Pictures with short captions
• • • •
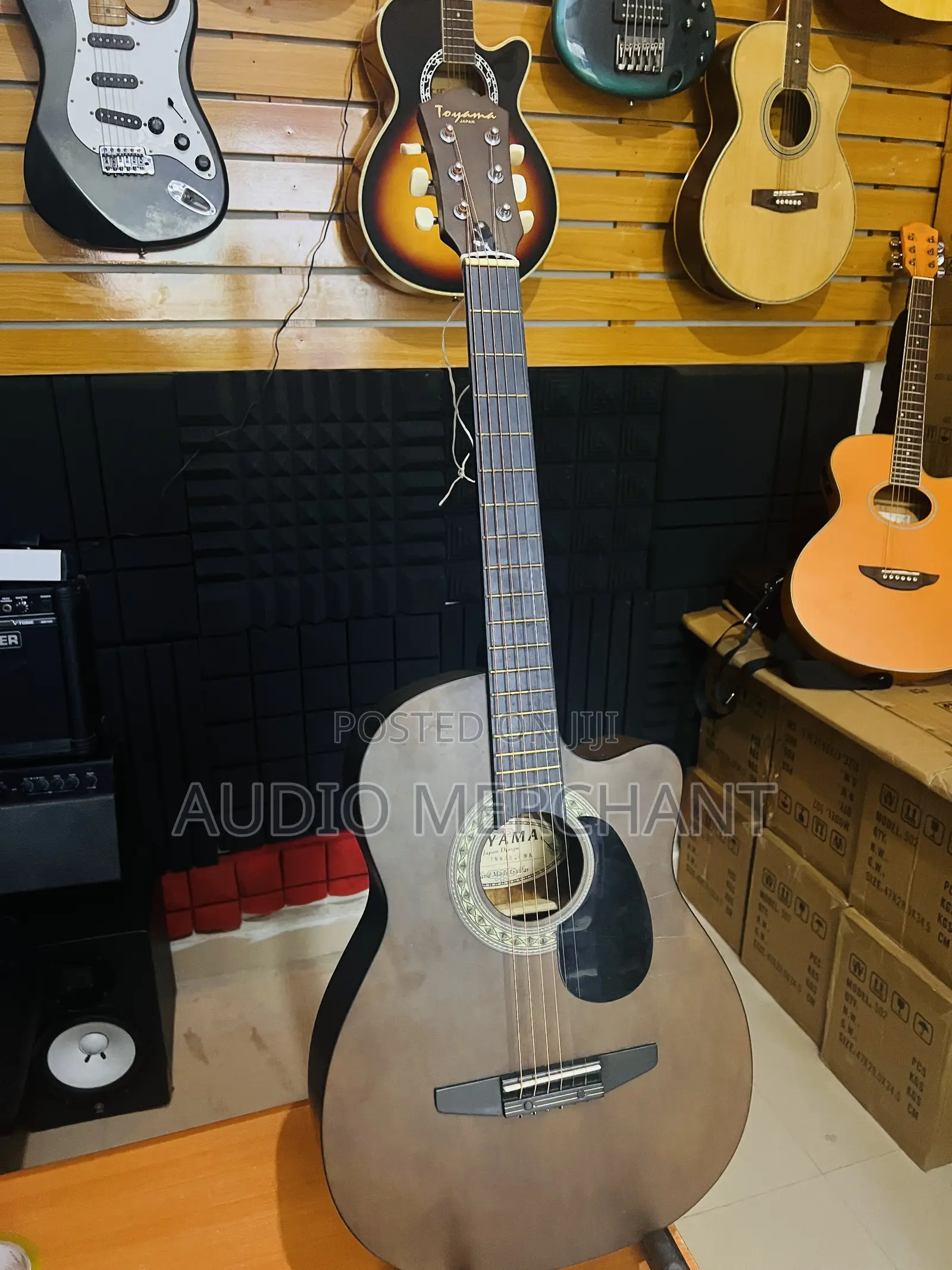 Acoustic Guitar Chocolate Color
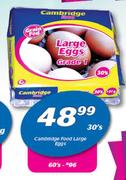 Cambridge Food Large Eggs 30’s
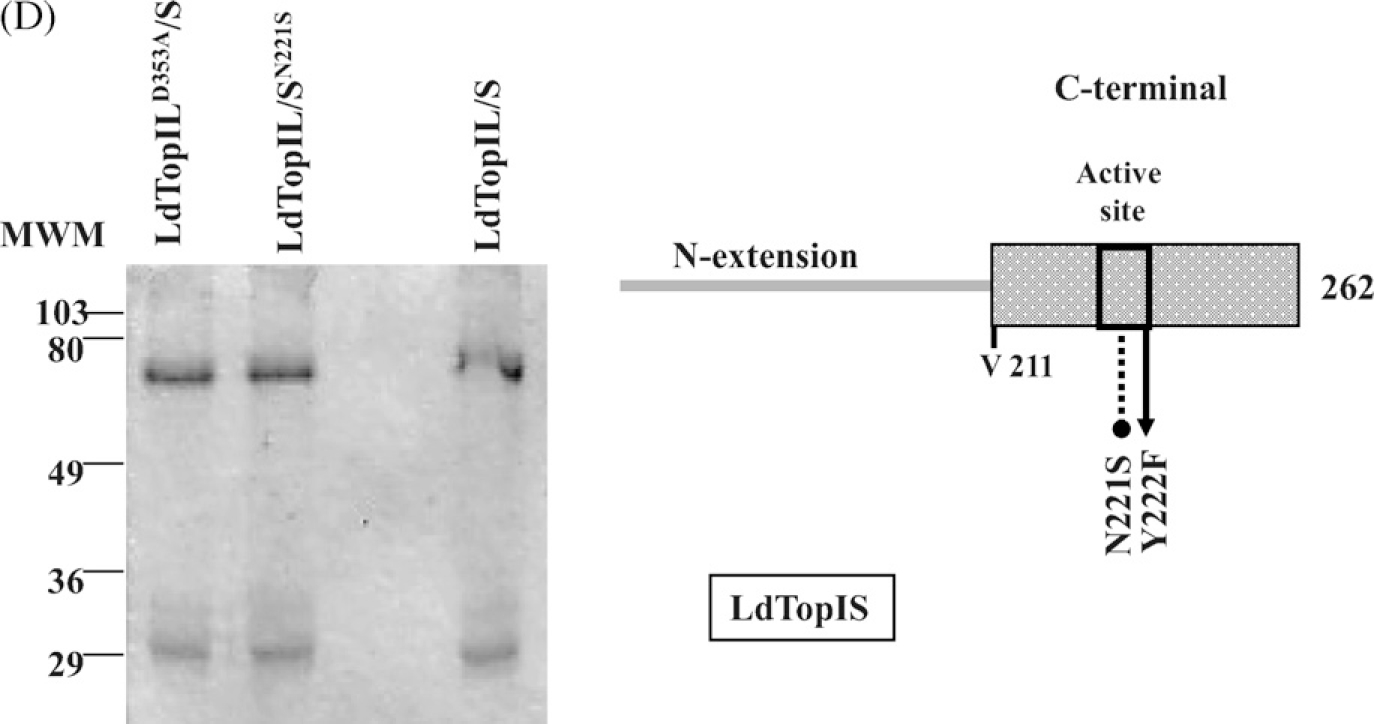 Fig. 1 –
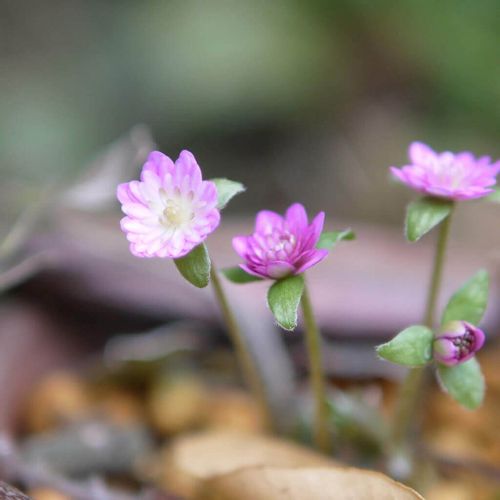 1月の誕生花 日にちごとの花の一覧や花言葉 フラワーギフトにもおすすめ Greensnap グリーンスナップ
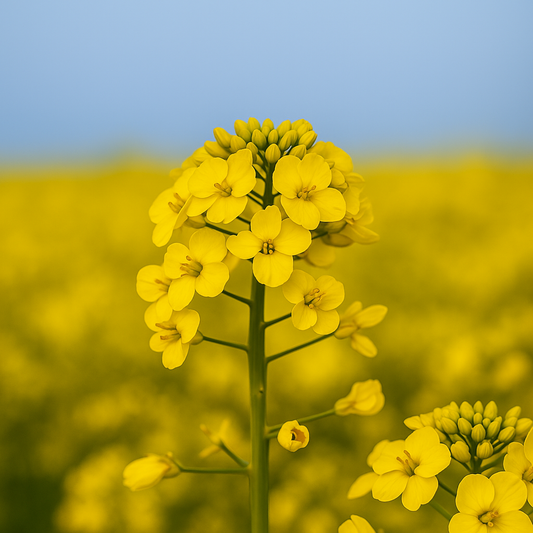 Paveikslas ant drobės - Pavasaris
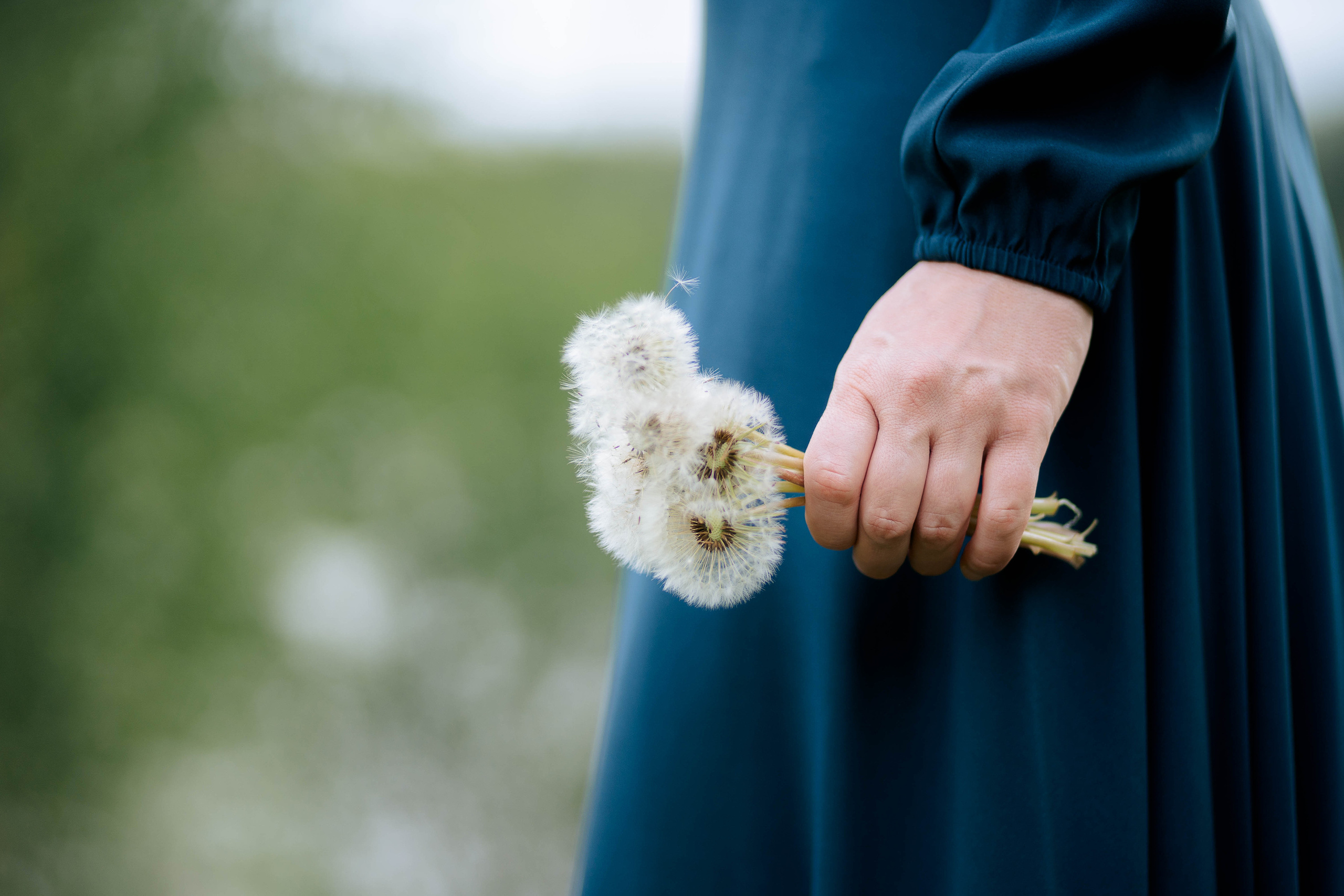 Одуванчики. Фотограф Казакова Анастасия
• • • •
WORK INSTRUCTION
Copy all the records word for word and keep the pictures out.

ANSWER FOR THIS EXERCISE
 Acoustic Guitar Chocolate Color
 Cambridge Food Large Eggs 30’s
 Fig. 1 –
 1月の誕生花 日にちごとの花の一覧や花言葉 フラワーギフトにもおすすめ Greensnap グリーンスナップ
 Paveikslas ant drobės - Pavasaris
 Одуванчики. Фотограф Казакова Анастасия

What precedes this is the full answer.